What is the appeal certain actors hold for us? Why do we respond to some and not others? And I don’t mean the collective “us”, I mean the individual…us. Um, okay, that doesn’t make sense, but you know what I mean.

I mean that people (as individuals) will fixate on certain actors, and when they do, they assume it’s an “objective” preference…and they can’t understand that others might not share their taste. I’ve seen people wax on about some actor or actress, citing how talented they are, how charismatic, and how beautiful, and why-oh-why can’t producers see that? All this for an actor I might consider a middling talent with little presence and as attractive as a brick wall. (Heck, I’ve seen performers who are successful, who are embraced by the press…who leave me completely underwhelmed!)

And which comes first? Do we find an actor attractive and so we convince ourselves they are talented? Or do we genuinely think they are talented and that’s what causes us to find them attractive? And just what the heck is “charisma” anyway? Is charisma just sex appeal when talking about the same gender as ourselves?

Sometimes is it merely that familiarity breeds, not contempt, but the opposite — respect? The actor becomes a welcome familiar face, like going to a party and being happy to see someone you know in a sea of strangers, even if you previously weren’t that close. I can watch a movie or TV show with a mix of familiar and unfamiliar faces and often the familiar faces make the best impression (at least initially)…yet then I’ll talk to someone else who watched the same thing, but was familiar/unfamiliar with different actors than was I. And to them it was the actors they already knew who gave the best performances. Each of us would’ve sworn we were being objective…but clearly our pre-existing familiarity with certain actors was a factor.

And when someone really digs an actor we don’t particularly have any interest in, we can regard that adulation with a certain condescension — you’re letting your fanboy/girl enthusiasm carry you away, we say. Yet the business is built a lot on the notion of actors — on stardom.

That’s why stars get paid big bucks, and why their names often lead the titles, and their faces are featured on the posters. We are supposed to be into the actors. Indeed, we often colloquially refer to movies by their stars. “Did you see the new Johnny Depp movie?“, “Nyah — I caught the Jennifer Anniston comedy instead.”

But even with the stardom enjoyed by the biggest actors — how much is it truly organic? Are they really that talented, that beautiful, that charismatic? Or have we just convinced ourselves they are — or been convinced?

How many actors have struggled for years, languishing in B-movies and forgettable roles, then they luck into a role in a movie that becomes a box office hit and suddenly…they are a star, and ever after they are heralded as a box office draw? So this year they are embraced as inarguably a charismatic, talented star…when last year they were a bland nobody? And the irony might be that breakthrough role only came to them because three other actors were offered it first but turned it down.

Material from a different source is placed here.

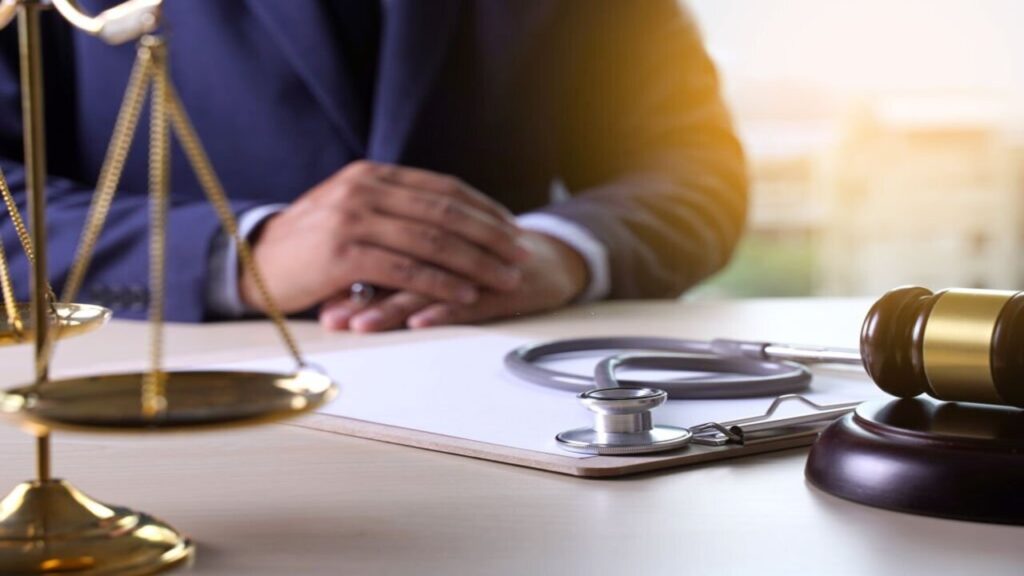 Lawyer Inside the Office with a Gavel and Stethoscope on His Desk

George Clooney is regarded as one of the biggest stars in the world…but consider his career. He had been floating about with a largely undistinguished career until landing a role on ER which made him, in his thirties, an “overnight” star and sex symbol! Instantly the Hollywood machine kicked into gear and he began starring in blockbuster after blockbuster…or rather, would be blockbuster after would be blockbuster. The movies weren’t actually doing very well (even Clooney has quipped that he almost killed the Batman franchise). But one kind of got the impression the brass in Hollywood were determined to make him a star…even if they had to bankrupt every studio in Hollywood to do it! Finally I think he landed a hit with Ocean’s Eleven and everyone heaved a sigh of relief. But even then, subsequently Clooney’s chosen to focus his energies on mainly “serious” movies, steering away from deliberate blockbusters in favour of movies that aren’t really intended to break records. He’s a big star in little movies.

So is Clooney a star thanks to undeniable talent and charisma…or because he had a lot of people pulling for him, giving him breaks and second chances a lot of actors could only imagine?

That’s the funny thing about “stardom”…it can involve a lot of factors only peripherally connected to actual talent or charisma or sex appeal. Getting an in with the right, the powerful talent agency can help your career in ways a portfolio of great theatre review clippings won’t. Landing a good part in a good movie that just lucks into being a big hit (or even a critical darling) can change the course of things to come. And as people have noted, stars are like the Alpha dog in the pack…they get first pick of the carcass. So if you are in a hit movie, you get first pick of the next crop of scripts. And if you weren’t in a hit movie…you only get the roles that were already turned down by the A-list actors. If you wonder why talented actors sometimes seem to appear in mediocre films, it’s often not because they didn’t know any better…it’s because that’s all that trickled down to their agent’s desk once the roles were picked over by the actors bigger and more famous than them.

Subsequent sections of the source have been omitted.